◆ Assignment ◆
What you return should be the lines from the one with "Plus, your crew" through the one with "The problem is" in the data below, reproduced exactly with both ends, and no pictures at all.

◆ Data supplied ◆

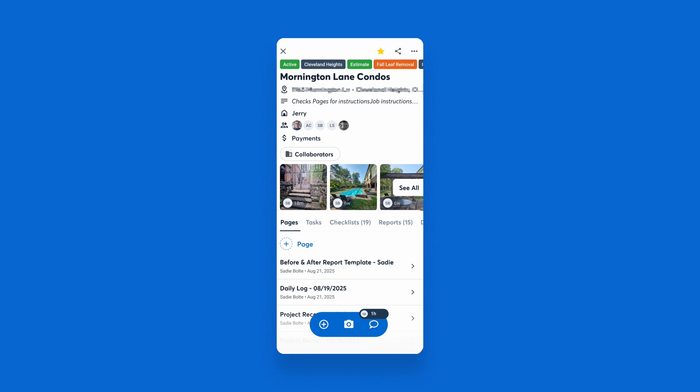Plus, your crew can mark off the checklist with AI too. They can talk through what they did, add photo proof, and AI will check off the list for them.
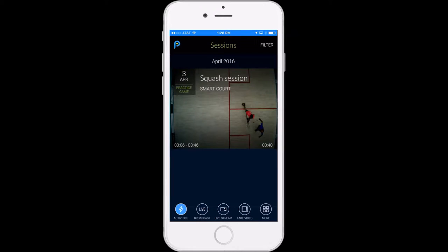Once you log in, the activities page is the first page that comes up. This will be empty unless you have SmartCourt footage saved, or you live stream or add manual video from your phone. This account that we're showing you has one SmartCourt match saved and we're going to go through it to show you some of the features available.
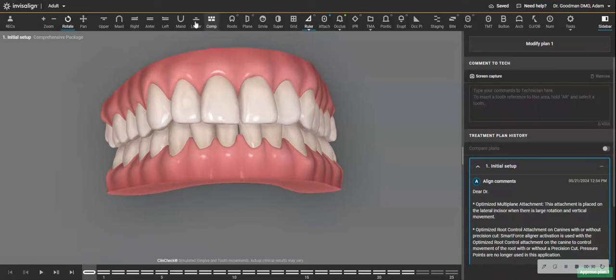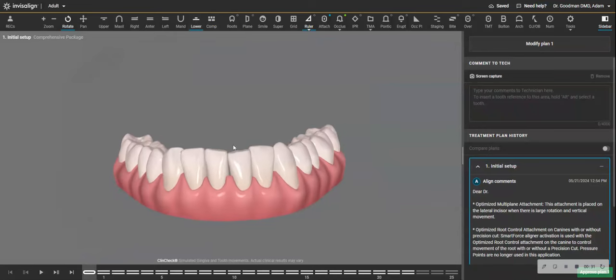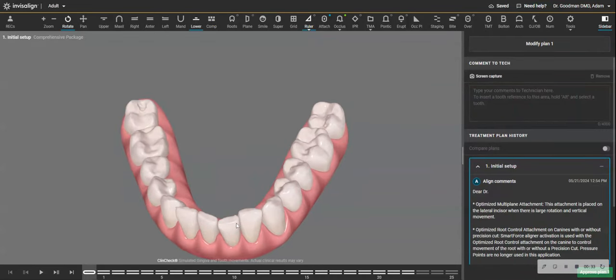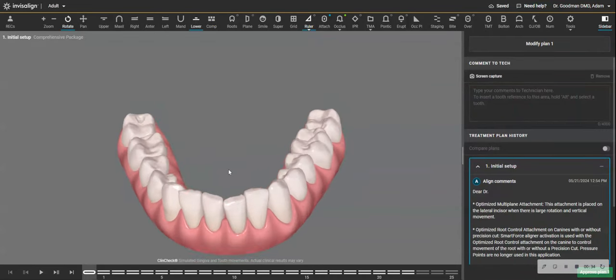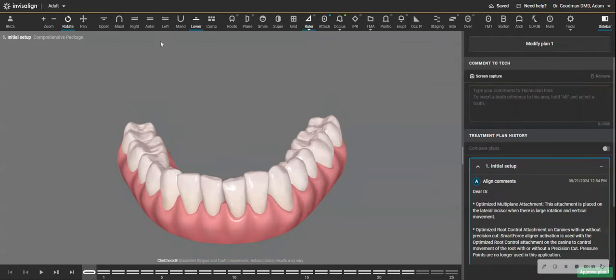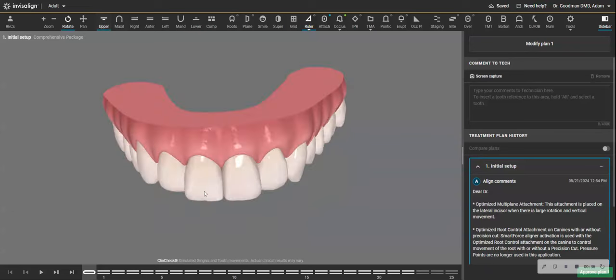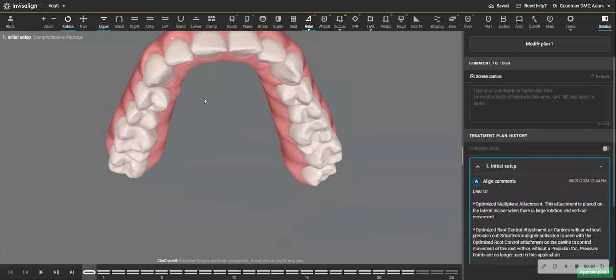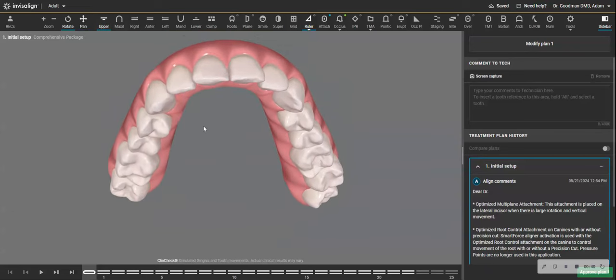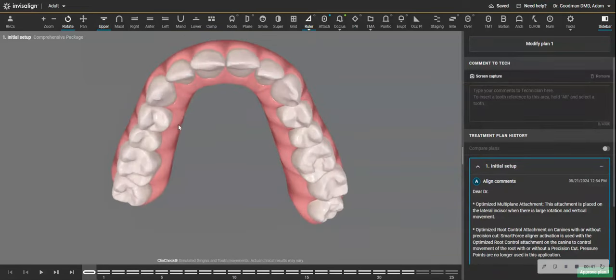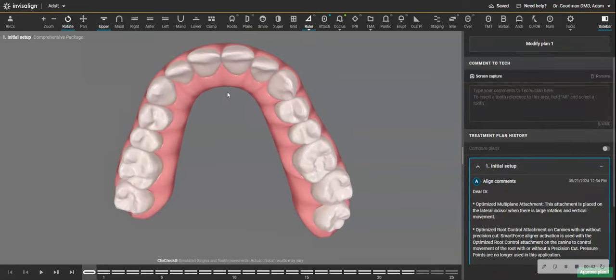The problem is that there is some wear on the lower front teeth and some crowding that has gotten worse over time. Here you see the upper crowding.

* * *

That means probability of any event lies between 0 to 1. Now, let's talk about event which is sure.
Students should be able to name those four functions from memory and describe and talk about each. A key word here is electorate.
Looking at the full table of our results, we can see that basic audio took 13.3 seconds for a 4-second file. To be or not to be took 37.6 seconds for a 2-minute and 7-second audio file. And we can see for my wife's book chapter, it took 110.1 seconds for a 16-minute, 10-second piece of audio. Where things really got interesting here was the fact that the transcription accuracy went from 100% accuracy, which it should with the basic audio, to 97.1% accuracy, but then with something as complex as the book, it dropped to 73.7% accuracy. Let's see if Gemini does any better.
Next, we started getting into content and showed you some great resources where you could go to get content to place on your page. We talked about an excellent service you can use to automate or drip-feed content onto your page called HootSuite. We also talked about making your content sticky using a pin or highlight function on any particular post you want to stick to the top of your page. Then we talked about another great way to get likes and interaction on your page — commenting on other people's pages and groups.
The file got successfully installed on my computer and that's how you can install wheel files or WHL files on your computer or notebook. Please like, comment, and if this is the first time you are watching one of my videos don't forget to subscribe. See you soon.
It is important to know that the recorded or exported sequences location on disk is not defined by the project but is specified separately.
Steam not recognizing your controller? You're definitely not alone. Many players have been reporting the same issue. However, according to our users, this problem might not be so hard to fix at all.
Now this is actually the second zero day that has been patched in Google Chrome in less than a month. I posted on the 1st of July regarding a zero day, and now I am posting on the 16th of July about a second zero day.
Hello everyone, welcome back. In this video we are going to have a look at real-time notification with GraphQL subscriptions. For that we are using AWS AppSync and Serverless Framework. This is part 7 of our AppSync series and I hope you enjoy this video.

◆ Exercise answer ◆
Plus, your crew can mark off the checklist with AI too. They can talk through what they did, add photo proof, and AI will check off the list for them.
Once you log in, the activities page is the first page that comes up. This will be empty unless you have SmartCourt footage saved, or you live stream or add manual video from your phone. This account that we're showing you has one SmartCourt match saved and we're going to go through it to show you some of the features available.
The problem is that there is some wear on the lower front teeth and some crowding that has gotten worse over time. Here you see the upper crowding.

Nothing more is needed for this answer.